# Tournaments



## Duckslayer100

Anyone know of any bowfishing tournaments in North Dakota? I know Minnesota has a few going on this year and I'm pretty sure South Dakota has one or two. I think it'd be great to get a tournie going.

What you all think? Let's get some discussion here. :beer:


----------



## jkern

2 in Nebraska next weekend. Saturday shoot is on the Mo river, www.carpbusters.org Sunday shoot on Desoto Bend www.carp-o-rama.com .

I think it will be a heck of a turnout this year. :beer:


----------



## boondocks

I'd enter a bowfishing tourney!!!


----------



## strand

Trenton Lake west of Williston June 17th. Contact the Missouri Basin Bowmen


----------



## Duckslayer100

You wanna give a little more info? Like, how to contact these people? Thanks.


----------



## strand

google search the Missouri Basin Bowmen and find the contact info on their site. I'm not sure who the contact is for the tourney.


----------



## Duckslayer100

http://www.missouribasinbowmen.com/ Alright alright, geesh...I'll do the dirty work. Just messin. Its my pleasure. There's the link to their main page. Just click on the 2006 Carp Shoot link and you'll get jumped to a PDF about the shoot.

Basic info:

What: Missouri Basin Bowmen Annual Carp Shoot

Where: Trenton Lake, the Missouri River and its tributaries. At the boat ramp next to the Lewis and Clark Bridge.

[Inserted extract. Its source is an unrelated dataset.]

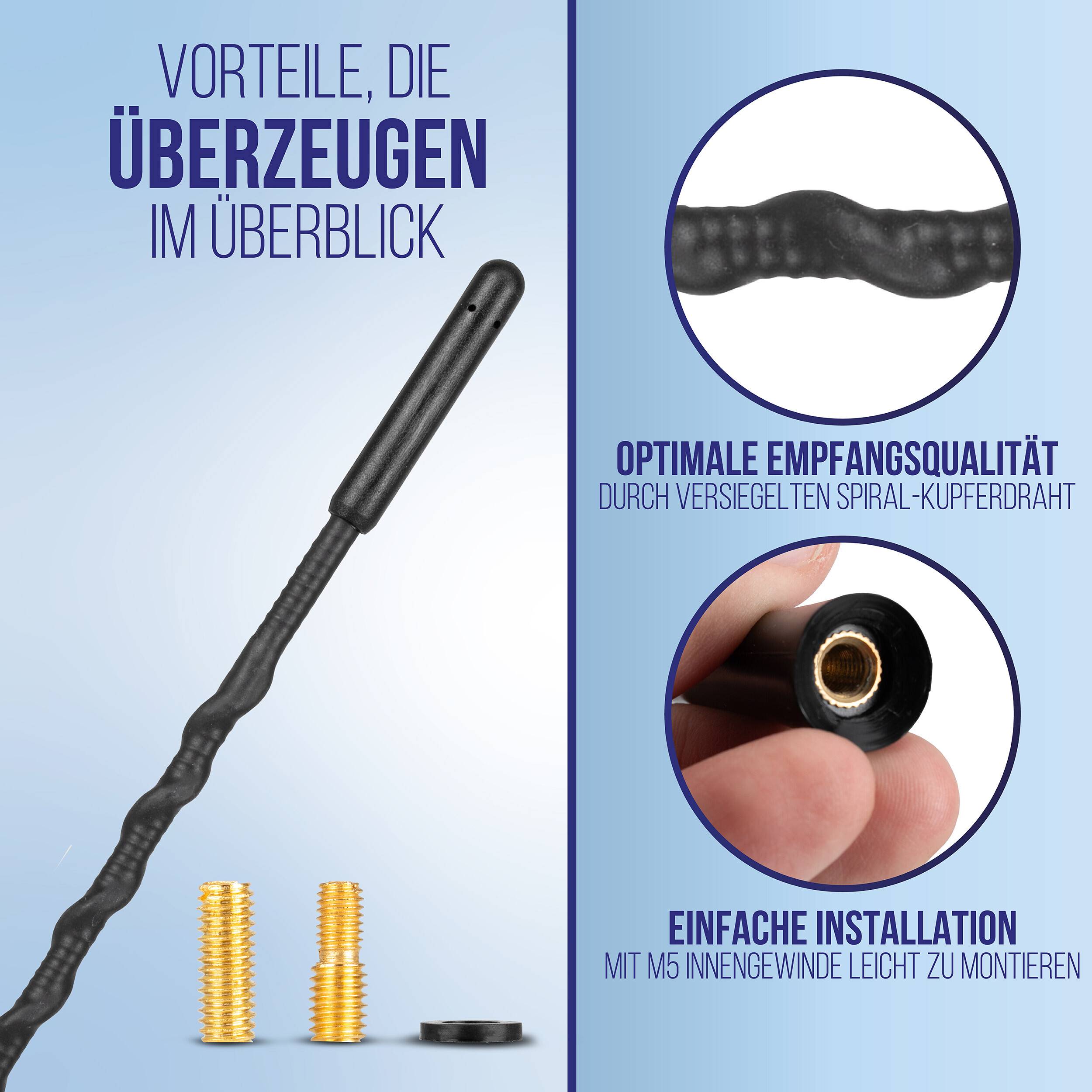 Infografik einer schwarzen Antenne mit Leistungsmerkmalen: optimaler Empfang durch versiegelten spiralförmigen Kupferdraht und einfache M5-Gewindebefestigung, mit Detailkreisen in Nahaufnahme.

When: Saturday, June 17. Registration 7 to 7:30 a.m. Shotgun start at 8 a.m. Weigh-in at 5 p.m.

Contact info: Jim or Connie Hval 774-8094

Alright people. No excuses now. Let's get some people at this tournament!!! Get some stuff rollin in this state. Heck...maybe this will lead to tournies all over the place!

Good luck and let us know what's goin on, who's going, how it goes, etc.! :beer:


----------



## boondocks

Duckslayer, Did you ever attend this tournament? If so how did it go, how many teams, the weights and whatever else? If they had some within a hundred miles from Bismarck I'd attend.


----------



## Duckslayer100

Never made it out there. Wish I could have. I'm still fairly new at this North Dakota bowfishing thing so I wasn't really sure either way. And besides...I don't have a boat..


----------



## Fox Island Sportsman

There's a pretty good size tournement at Lake Audabon every summer. I'm not sure of the details, but I believe it was in June last year.
I believe a club out of Minot puts it on.


----------



## Duckslayer100

Hey Fox, if you can dig up any info on the tournie, be sure to post up. I tried a google search but couldn't find anything.

Let us know! :beer:


----------